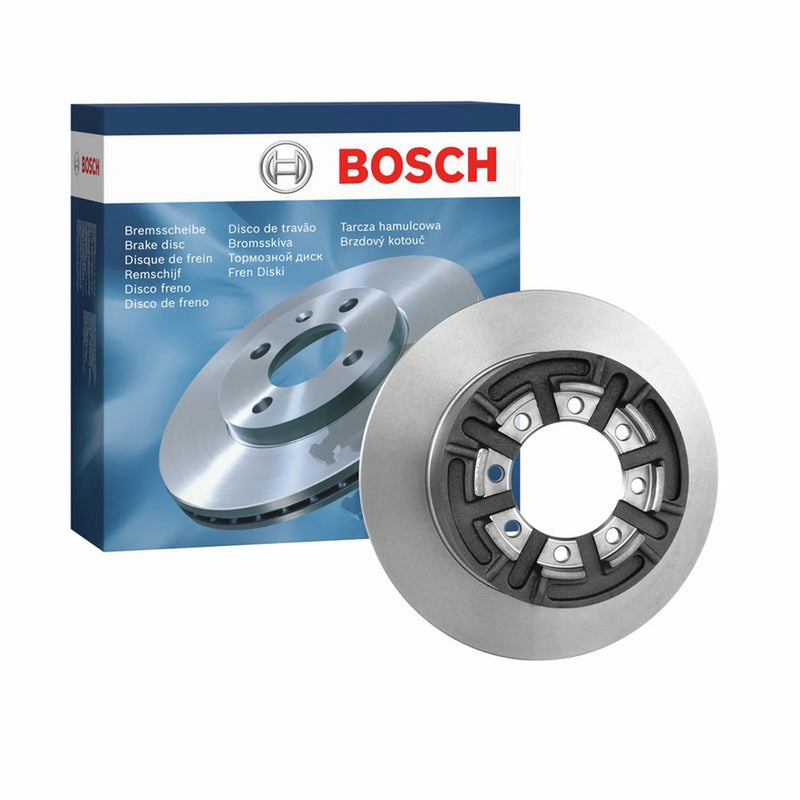 Bosch 2 x Solid Rear Brake Discs 0986478886-x2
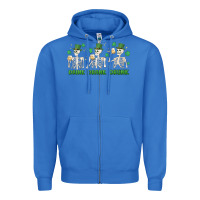 Drink Drank Drunk St. Patricks Day Skeletons Zipper Hoodie | Teevron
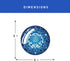 Jolitee Blue and White Chinoiserie Glass Magnets, Strong Decorative Kitchen Refrigerator Magnets, Cute Fridge Magnet
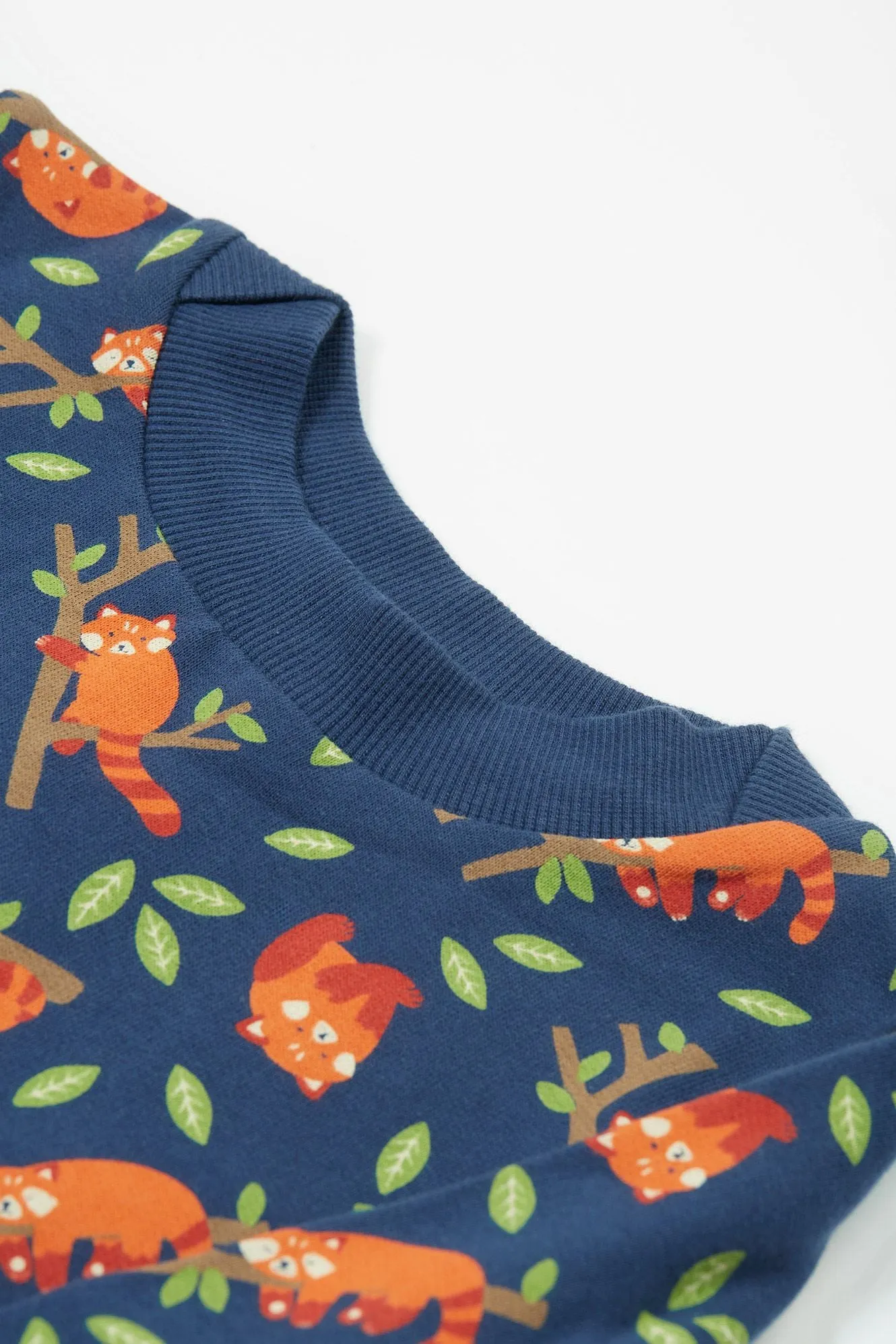 Frugi Easy On Sweatshirt Red Panda Pals
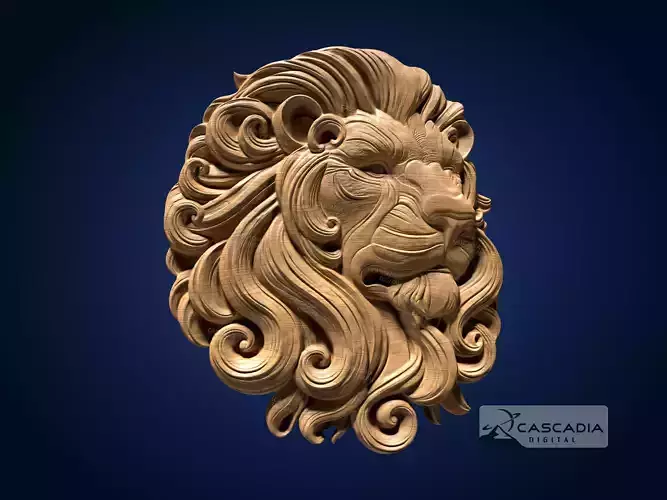 Lion Head - CNC Router Carving Casting animal wildlife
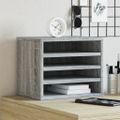 vidaXL Organizér na stôl sivý sonoma 36x26x29,5 cm kompozitné drevo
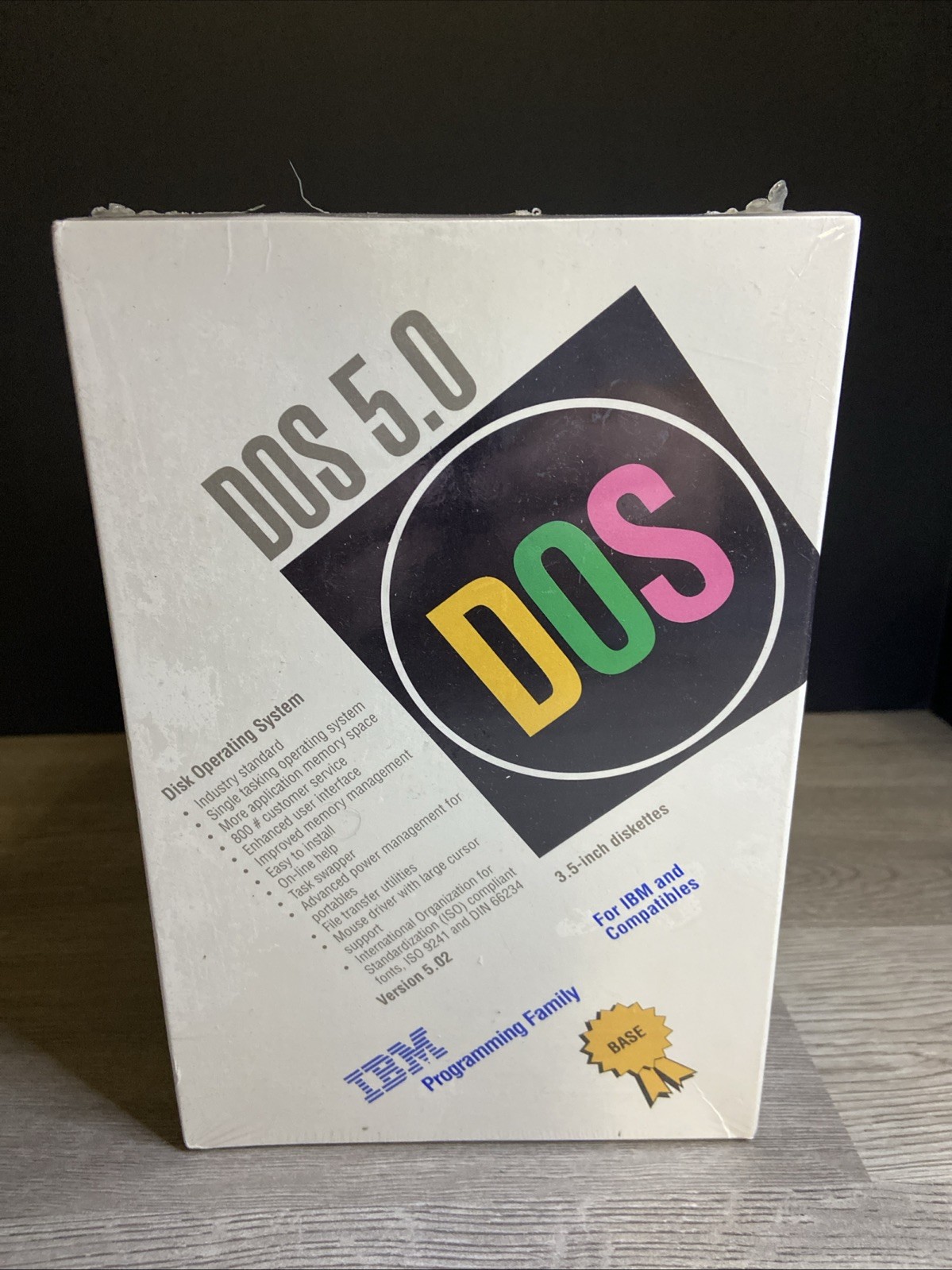 Microsoft MS DOS 5.02 IBM 3.5 inch Diskettes IBM and Compatibles NEW SEALED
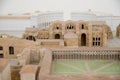 Model of The baths of Diocletian. Rome.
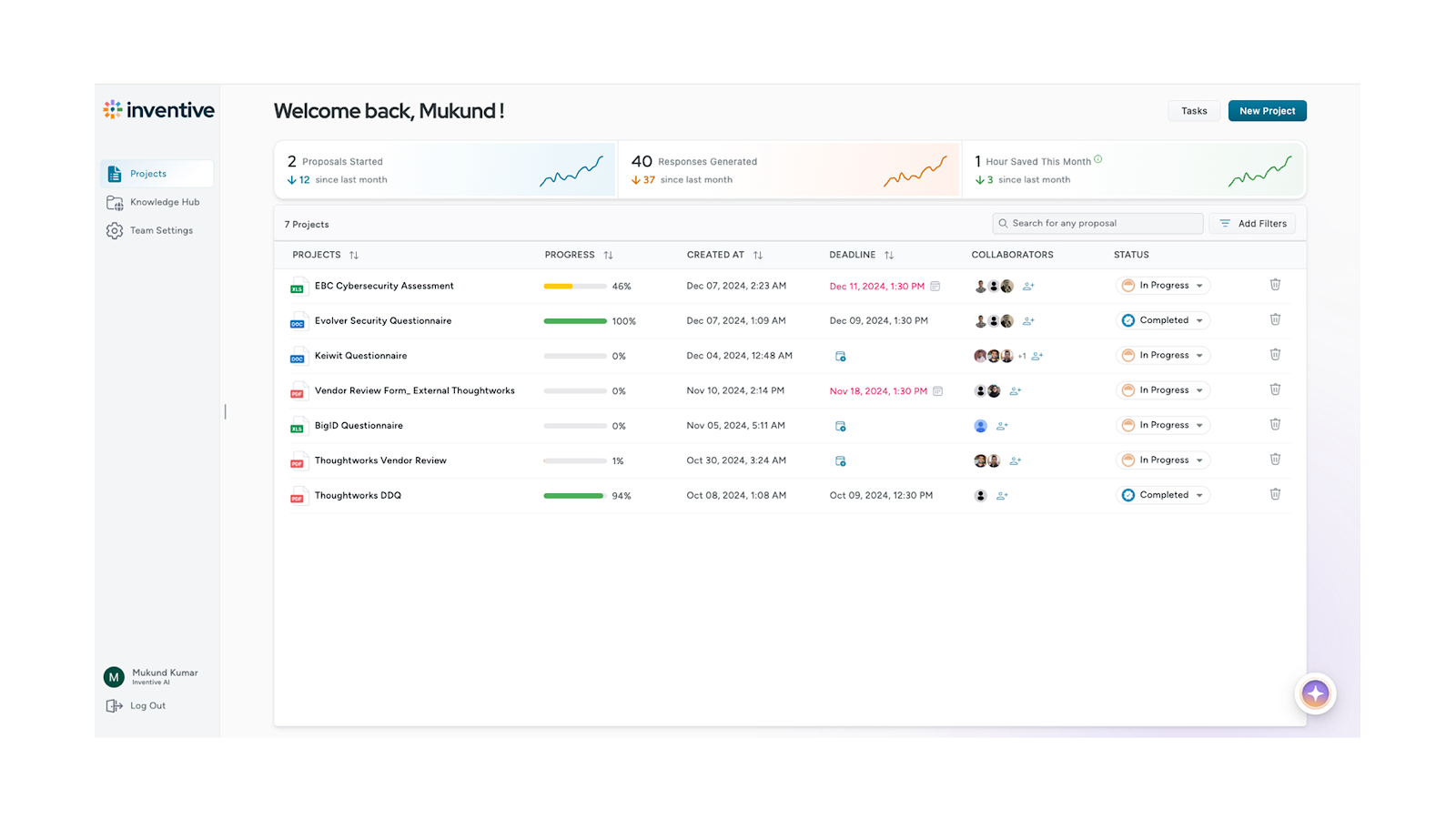 Track Performance and Improve Future RFPs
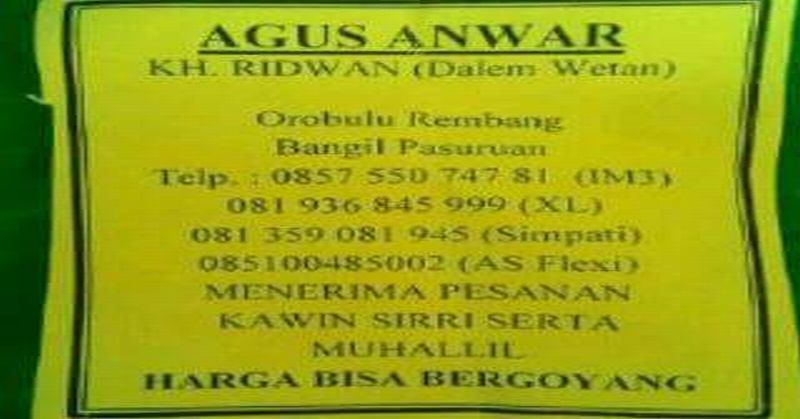 Heboh Prostitusi Artis, di Jatim Beredar Iklan Layanan Nikah Siri
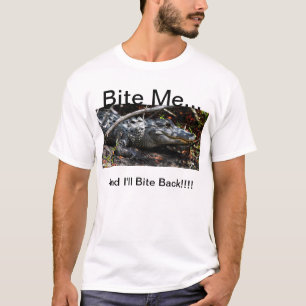 T-shirt Mordez-moi pièce en t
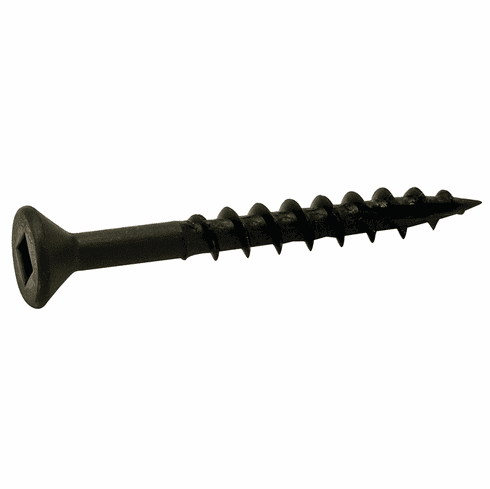 Hafele Zip-R Screw, Flat Countersunk Head, #2 Square Drive, #8 x 1 1/4", Partial, Black Oxide, Item# 010.23.130, 01023130, 010-23-130
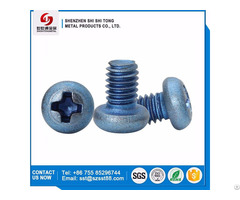 Phillips Round Head Mechanical Thread Titanium Screw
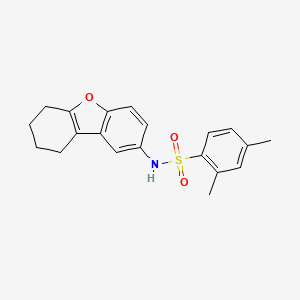 molecular formula C20H21NO3S B2427076 2,4-dimethyl-N-(6,7,8,9-tetrahydrodibenzofuran-2-yl)benzenesulfonamide CAS No. 406474-57-5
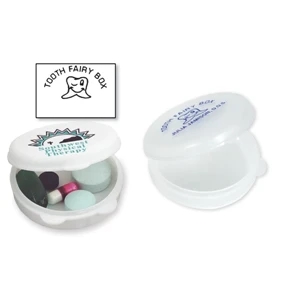 Round-the-clock - Pill Box With Round Design Made Of Polypropylene With A Living Hinge Lid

■ The problem
The expected answer is the full listing above, transcribed exactly and without pictures.

■ Output for this task
 Bosch 2 x Solid Rear Brake Discs 0986478886-x2
 Drink Drank Drunk St. Patricks Day Skeletons Zipper Hoodie | Teevron
 Jolitee Blue and White Chinoiserie Glass Magnets, Strong Decorative Kitchen Refrigerator Magnets, Cute Fridge Magnet
 Frugi Easy On Sweatshirt Red Panda Pals
 Lion Head - CNC Router Carving Casting animal wildlife
 vidaXL Organizér na stôl sivý sonoma 36x26x29,5 cm kompozitné drevo
 Microsoft MS DOS 5.02 IBM 3.5 inch Diskettes IBM and Compatibles NEW SEALED
 Model of The baths of Diocletian. Rome.
 Track Performance and Improve Future RFPs
 Heboh Prostitusi Artis, di Jatim Beredar Iklan Layanan Nikah Siri
 T-shirt Mordez-moi pièce en t
 Hafele Zip-R Screw, Flat Countersunk Head, #2 Square Drive, #8 x 1 1/4", Partial, Black Oxide, Item# 010.23.130, 01023130, 010-23-130
 Phillips Round Head Mechanical Thread Titanium Screw
 molecular formula C20H21NO3S B2427076 2,4-dimethyl-N-(6,7,8,9-tetrahydrodibenzofuran-2-yl)benzenesulfonamide CAS No. 406474-57-5
 Round-the-clock - Pill Box With Round Design Made Of Polypropylene With A Living Hinge Lid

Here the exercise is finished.